What was the secret sauce that helped Chris turn around the X-Men?
I think it’s his commitment to change. Superhero comics are all about the status quo, Batman will always fight the Joker, etc. So, it’s shocking to read his stories and watch Magneto change from villain to hero, or see Wolverine mellow out and grow into a leadership role. Companies often seem scared of change and think that readers can’t handle it, but Chris’s stories got more and more successful even as he rotated the cast and changed circumstances all the time.
For me personally, I think Ann Nocenti was a prime influence on Chris’s best stories. She edited the most dynamic and experimental issues of X-Men and helped bring Bill Sienkiewicz to New Mutants for a wild run on that title. You can see a major change when she did move off editing the book to write her own titles. Her collaborations with Chris are the high point of his run, and you’ll learn a lot about that in the film.
Why do you think the X-Men franchise has been so successful after all these years?
I think it’s largely due to the foundation that Chris laid. Comics thrive on character, and he created a cast of incredible characters who could sustain stories for forty years and counting.
And I think the central metaphor of an oppressed minority fighting for their right to exist is something that will always resonate. In the film, we hear from Chris about the personal experiences that made him relate to this. The sort of religious zealots in God Loves, Man Kills are as relevant now as they were 35 years ago, sadly.
What was the most interesting thing you learned from talking to Rob Liefield?
I interviewed Rob for my doc on Image Comics, The Image Revolution and the most interesting thing was how funny he is. He’s a totally honest, hilarious storyteller. You might not agree with everything he says, but you’ll enjoy hearing him say it.
In my opinion, Wolverine IS the X-Men. Do you think the movies would have been as successful if they hadn’t nailed the casting with Hugh Jackman?
No way. At the time, I remember people complaining Wolverine was too tall or too handsome, but his performance defined the character on screen. It’s going to be a real uphill battle for anyone playing the character in the future.
And I think he’s the heart of the X-Men on screen, so I doubt the franchise would have taken off without him. It’s similar to Gal Gadot in Wonder Woman, a perfect casting and star making performance.

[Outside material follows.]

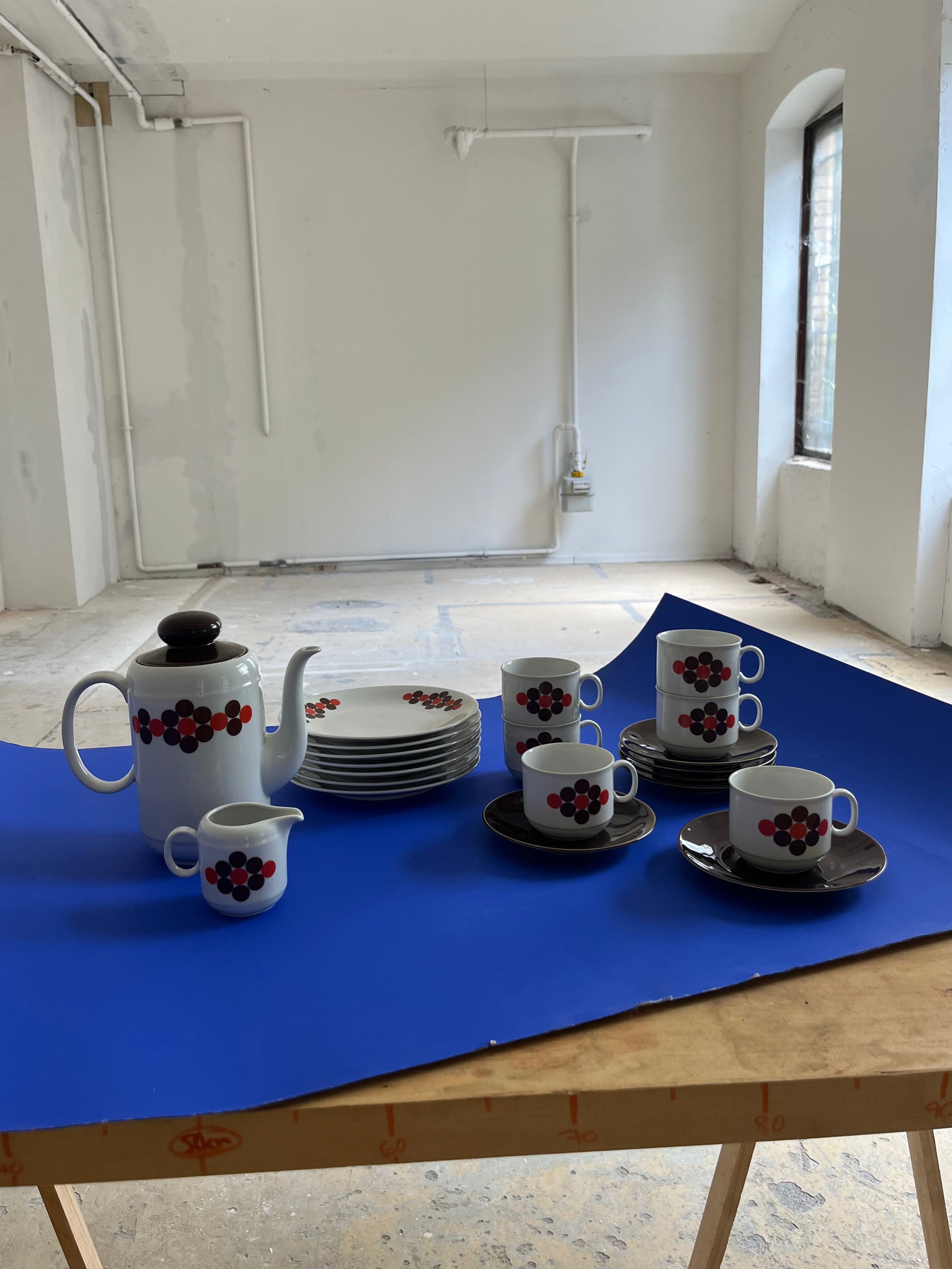 Kaffeeservice weiß braun rot von Seltmann Weiden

Why tell this story now, 17 years later?
It’s been twenty-seven years since Chris left the main X-Men title and Jim Lee took over. And I think we’re still only starting to grasp Chris’s influence. Shows like Legion are showing the diversity of ideas he had, his stories can be the most avant garde show on TV or straight ahead blockbuster films, and he brought them all to this one title.
With The New Mutants and Dark Phoenix films coming out soon, Chris’s work is as prominent as ever, and I think it’s time for people to learn about the man behind the mutants.
How do you survive the zombie apocalpyse?
I’d stockpile a lot of food, stay in my house and hope for the best.
Last comic book you read?
I reread Frank Miller’s The Dark Knight Strikes Again, which I love. And I’m currently rereading Grant Morrison’s Animal Man, which I haven’t read in over ten years, so it’s kind of new to me.
Who wins in a cage match – Wolverine or Deadpool?
I’d say Wolverine, especially if Deadpool can’t go in with guns.
Is Wolverine’s story done after Logan or do you recast?
I think we should let the character rest for a while, and maybe have Laura take over for a film. It was such a perfect ending, let’s give it a few years before rebooting.
One question you wish people would ask you about the documentary?
Why did you choose to film the comic books rather than scan the images ?
I wanted to get that real analog 70s feel for the film, so I found a guy who had every issue of X-Menfrom #1 to #300, and filmed all the panels in the film off the comics themselves. I think it reminds you that even though Chris was making great art, it was published next to ads for gum and cereal. So, who knows where the iconic stories of the future will come from?
We thank Patrick for taking the time to chat with us and hope you check out the documentary now available on VOD.